The Bluebird Cafe

The Bluebird Cafe

by Carmel Bird
published 1990
Ligature untapped
genre Literary Fiction

We don’t have the rights to sell this book in United States.


In Tasmania, successful entrepreneur Nancy Best has recreated the defunct mining town of Copperfield as a glass-domed amusement park whose centrepiece is the Bluebird Cafe. The facsimile also includes a wax museum containing a statue of Lovelygod, the midget daughter born to the twins Bedrock and Carrillo Mean, who caused a sensation when she vanished without a trace 20 years before. Bedrock faithfully keeps vigil for her daughter’s return, while Carrillo roams the world in search of her. Also haunted by the mystery is expatriate author Virginia O’Day, who returns to Tasmania from America to write a play, Waiting for Lovelygod …’ Publishers Weekly US, in the publication review of the American edition. Unlike the Australian edition, it has never been out of print.
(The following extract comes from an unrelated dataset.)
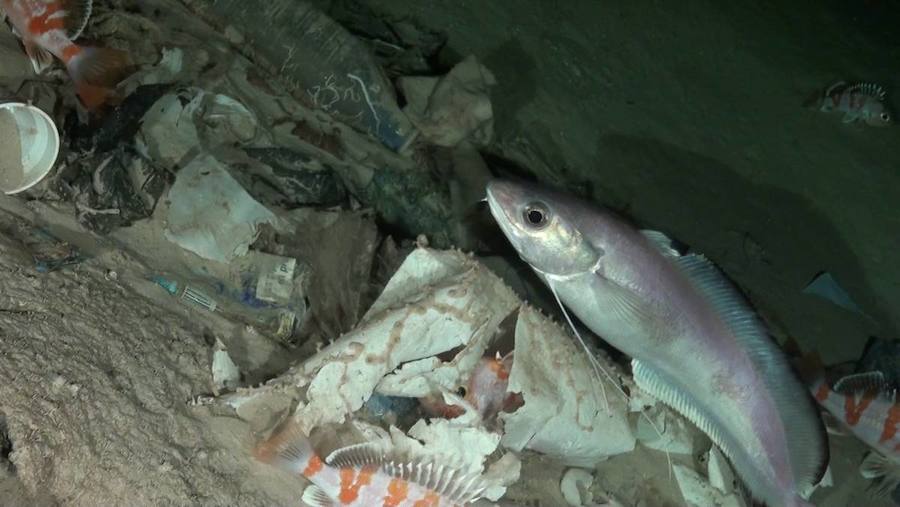 Océanos: ¿una bomba de relojería tóxica?. Cada año llegan a los mares y los océanos ocho millones de toneladas de basura. Tal cantidad de residuos equivale al peso de 800 Torre Eiffel o 14.285 Airbus A380 (el avión de pasajeros más grande del mundo). Y podría cubrir, también, 34 veces la neoyorquina isla de Manhattan.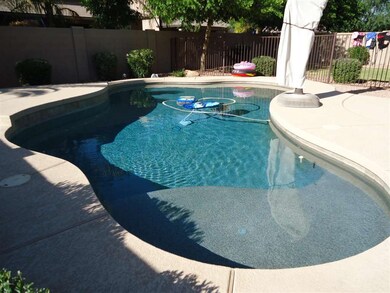 3938 E Morrison Ranch Pkwy  Pool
Described by Kirkus Reviews, US, as ‘a sweet-natured looking-glass version of Twin Peaks’, The Bluebird Café is award-winning author Carmel Bird’s debut novel and announced the arrival of a highly original, talented writer. First published in 1990, The Bluebird Cafe was shortlisted for the Miles Franklin Literary Award the following year.

Novelist, essayist and non-fiction writer Carmel Bird was the recipient of the Patrick White Award in 2016. Her works include The Bluebird Café (1990) and the thematically-linked Mandala trilogy The White Garden (1995), Red Shoes (1998) and Cape Grimm (2004). Her most recent novel is the acclaimed Field of Poppies (2019) of which Robert Drewe wrote: ‘How to describe Field of Poppies? A lush feast of wit and wisdom? Writing so rich you simply want to devour it? A forensic examination of an Australian country town? Literary tour de force will have to do.’